За разговором они свернули на очередную улочку. Во многих домах окна уже были закрыты ставнями или занавешены жалюзи — люди в Светлом городе могли себе позволить ложиться спать пораньше. Улица заканчивалась у кованых ворот в низкой каменной ограде, за которой зеленели кроны деревьев. Арку ворот украшал какой-то ажурный герб, уже почти раскрошившийся от ржавчины.
За стеной раскинулся сад — такой заросший и запущенный, что походил на настоящий лес. Узкая аллея вела от ворот туда, где над деревьями вздымались черепичные крыши старого особняка. Древесные кроны сплетались над аллеей так, что она походила на коридор в гуще листвы.
— Ну, вот и пришли. — Рин обернулся к Коулу. — Спасибо, что проводил… и вообще. Зайдёшь?
— Не, мамка на ужин ждёт. Пойду я…
— Дитя! — прервал их скрипучий голос. Из боковой аллеи показалось плетёное кресло-каталка на колёсах, которое толкала сзади немолодая грузная тётка-служанка. В кресле ссутулилась древняя старуха с пышной седой причёской и обрюзгшим лицом; иссохшие руки покоились на укрытых пледом коленях.
— Дитя, ты снова сбегаешь из дома, — продребезжала старуха, подслеповато щурясь на Рина сквозь очки. — Как раз тогда, когда у тебя урок музыки! Что я говорила тебе о пунктуальности?
— Виноват, тётушка, — смиренно склонил голову Рин. — Вы, тётушка, изволили говорить: «Распорядок дня есть первый признак благовоспитанного человека».
— Видимо, говорила зря, — прервала его бабка. — А это что за оборванец?
— Это Коул, графиня. Я его уже как-то приглашал к нам.
— Не помню такого! — отрезала графиня. — Тебе не подобает связываться с низким людом. Я запрещаю тебе впредь водиться с этим… Хаулом, так и знай! А теперь иди же, и не опаздывай к уроку. Ох, у меня снова разыгралась мигрень… — Старуха прижала к вискам сухие пальцы.
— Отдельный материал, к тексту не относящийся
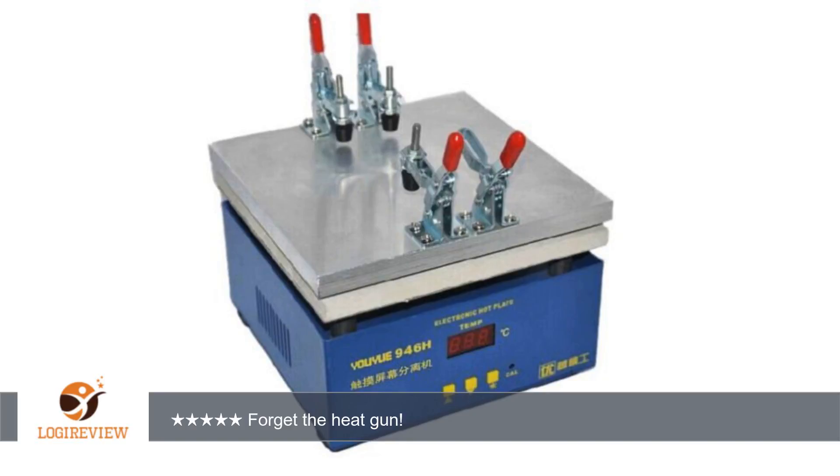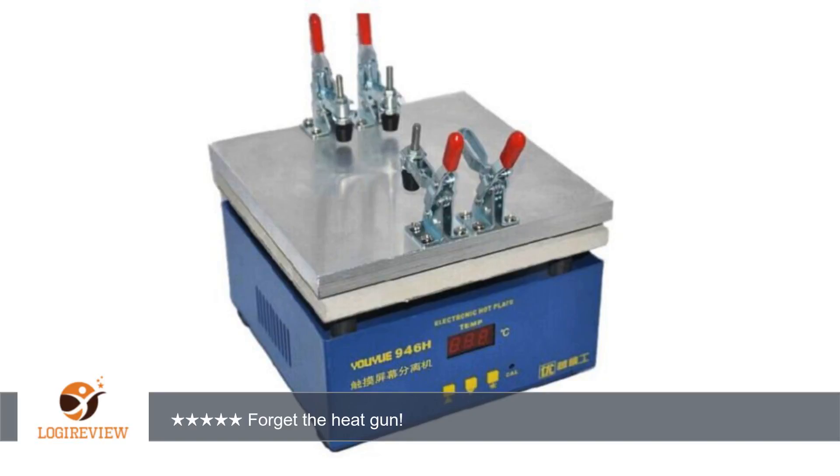Forget the heat gun. Make your life a lot easier with this hot plate. I love that I can keep the heat at an even temperature, unlike using a heat gun.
Угрюмая служанка развернула кресло и укатила вглубь парка.
— Не бери в голову, — сказал Рин. — Ты же её знаешь…
— Ещё как, — кивнул Коул. — Ну, ладно, бывай: тебя музыка ждёт! — Рин скорчил страдальческую гримасу, вывалив язык, и оба они расхохотались.
На прощанье они хлопнули друг друга по ладоням, и Рин зашагал по аллее к дому: маленькая фигурка под сводами зелёного тоннеля. Коул взглянул ему вслед — и в памяти вдруг всплыл день, когда они познакомились…
* * *
Особняк на окраине Светлого города принадлежал какому-то аристократическому роду, и одно это отпугивало от него воров. Красть у «знатюков» считалось гиблым делом. Говорят, они на все свои вещи ставят алхимические метки: сопрёшь такую, и полицейские хронисты возьмут твой след. Тогда исправительными работами не отделаешься — депортация, а то и на север сошлют…
— …Тише ты! Услышат! — цыкнул Коул, когда Гвид зацепился рукавом за ветку и с треском её обломал. Мальчишки пробирались сквозь буйные заросли сада, давно не знавшие ножниц садовника. Ветви лезли в лицо и хватали за одежду, но выбираться на открытое место было опасно. Вот и приходилось пригибаться, а то и ползти на карачках.
— Кто услышит-то? — боязливо шепнул Гвид. — Вы ж сами говорили, тут только сторож на воротах.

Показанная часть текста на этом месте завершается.